[
https://issues.apache.org/jira/browse/CASSANDRA-5725?page=com.atlassian.jira.plugin.system.issuetabpanels:comment-tabpanel&focusedCommentId=13700187#comment-13700187
]
Sergio Bossa commented on CASSANDRA-5725:
-----------------------------------------
Well, in an ideal world, given C* has the notion of schema, mutations should be
validated with the schema of the coordinator node and associated to such schema
version, which should be unique and monotonic (we are the former, not the
latter): this way, replica nodes could understand if they're missing a schema
update and request it (which would solve this bug), as well as recognize if a
partition is ongoing and react accordingly.
By the way, this probably translates in using vector clocks for schema updates,
and I understand C* has not been designed this way, so let's forget about the
ideal world.
A more pragmatic solution may be to implement a consistency level for schema
updates too: right now we only wait for the schema to be applied on the local
node, while supporting all consistency levels would allow subsequent updates to
succeed under the same CL specification: i.e., applying a schema update at
CL.QUORUM would allow subsequent updates at the same CL to succeed too.

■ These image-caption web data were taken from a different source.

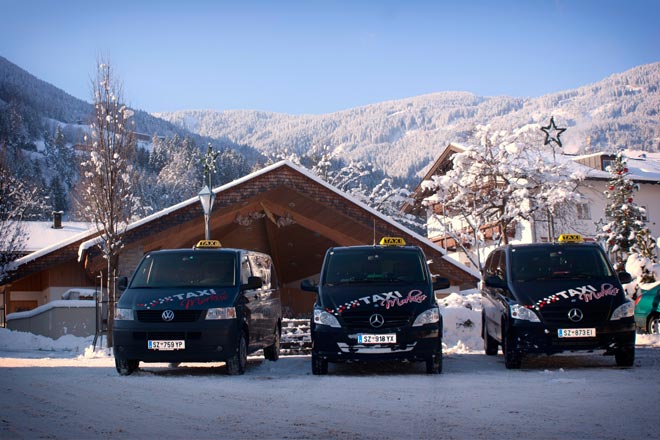 Taxi Markus Zillertal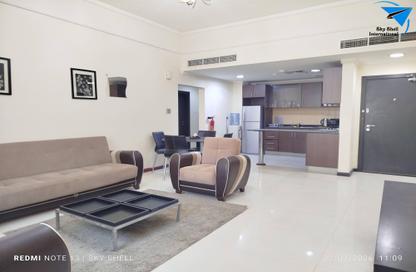 Apartment - 1 Bedroom - 2 Bathrooms for rent in Al Juffair - Capital Governorate
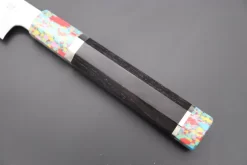 Custom Limited Edition, Sukenari ZDP-189 Clad Wa Sujihiki 240mm (9.4 Inch, SCL-381) -Knife Sale Shop sukenari wa sujihiki custom limited edition sukenari zdp 189 clad wa sujihiki 240mm 9 4 inch scl 381 43366130352411 scaled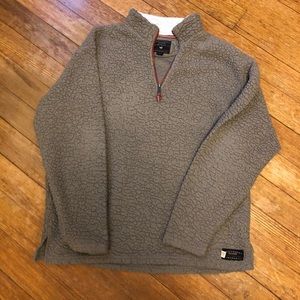Southern Marsh Pullover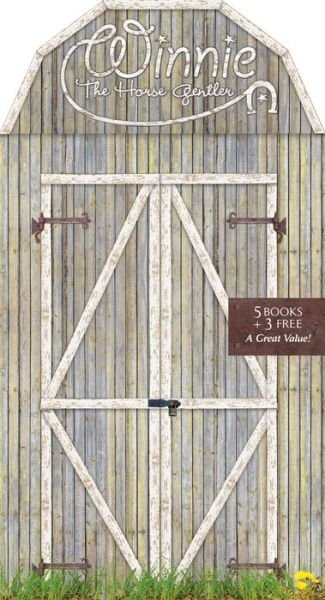 Cover for Dandi Daley Mackall · Winnie the Horse Gentler Barn Boxed Set (Paperback Book) (2018)
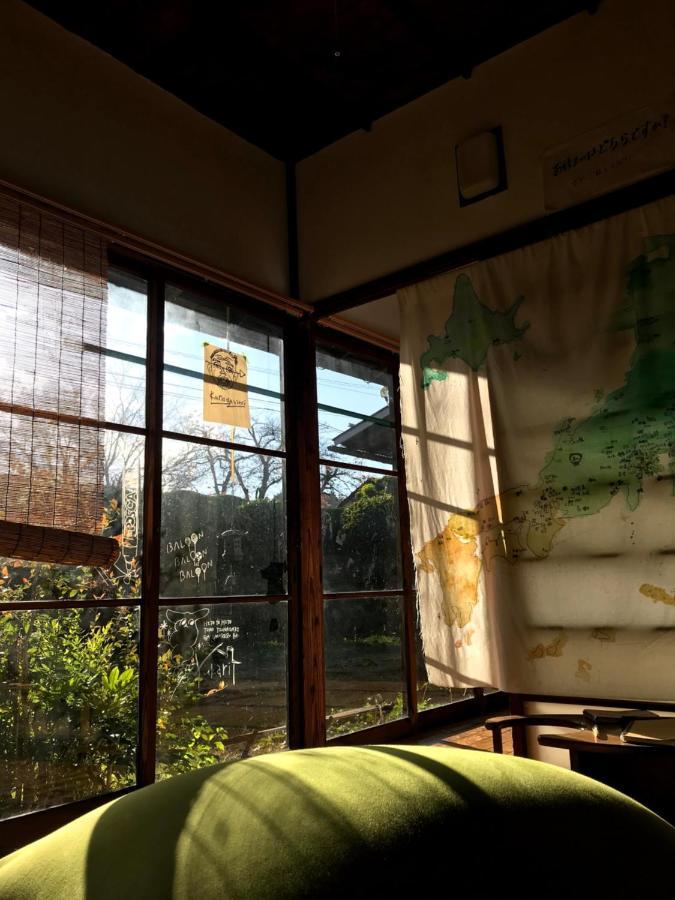 Guest House Yukari Tsuru Bagian luar foto
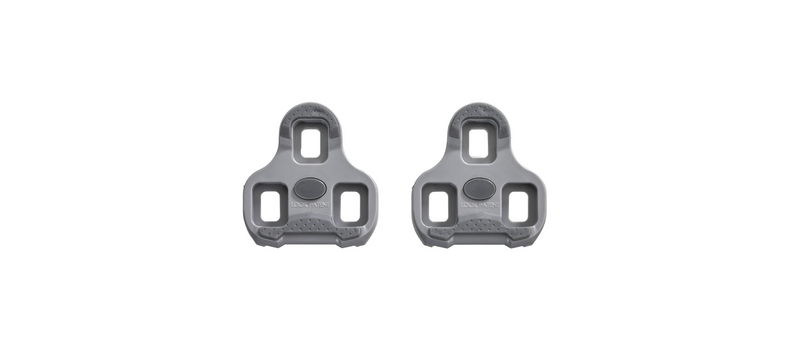Load image into Gallery viewer, Look, Grip, Cleats, Grey, 4.5° - TCR Sport Lab
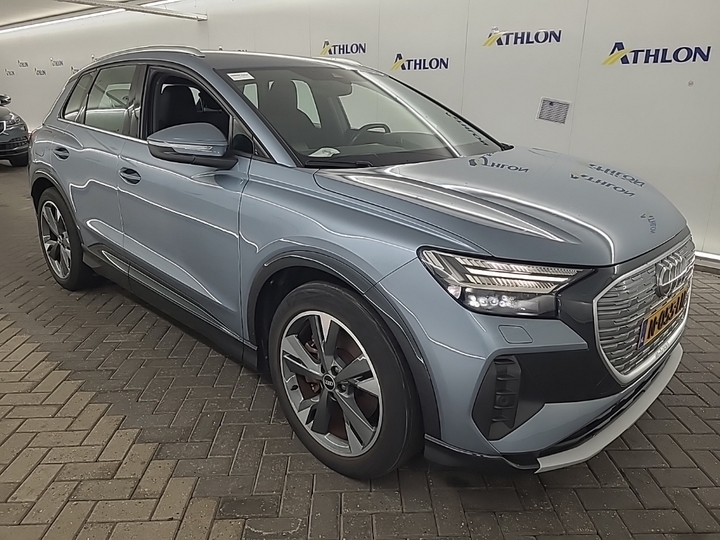 Foto 3 van Audi Q4 e-tron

Finally, a trivial one may just be to make the schema problem explicit with a
specific exception.
Certainly, in my opinion, masking a schema problem with a timeout exception is
pretty much confusing, and may lead to several hours spent in debugging/testing
or (if the user isn't that smart to do that) increasing the timeouts, which is
a bad solution to a wrong problem.
Unless I'm missing something in the current design/implementation, which may
well be :)
> Silently failing messages in case of schema not fully propagated
> ----------------------------------------------------------------
>
> Key: CASSANDRA-5725
> URL: https://issues.apache.org/jira/browse/CASSANDRA-5725
> Project: Cassandra
> Issue Type: Bug
> Affects Versions: 1.2.6
> Reporter: Sergio Bossa
>
> When a new keyspace and/or column family is created on a multi nodes cluster
> (at least three), and then a mutation is executed on such new column family,
> the operations sometimes silently fails by timing out.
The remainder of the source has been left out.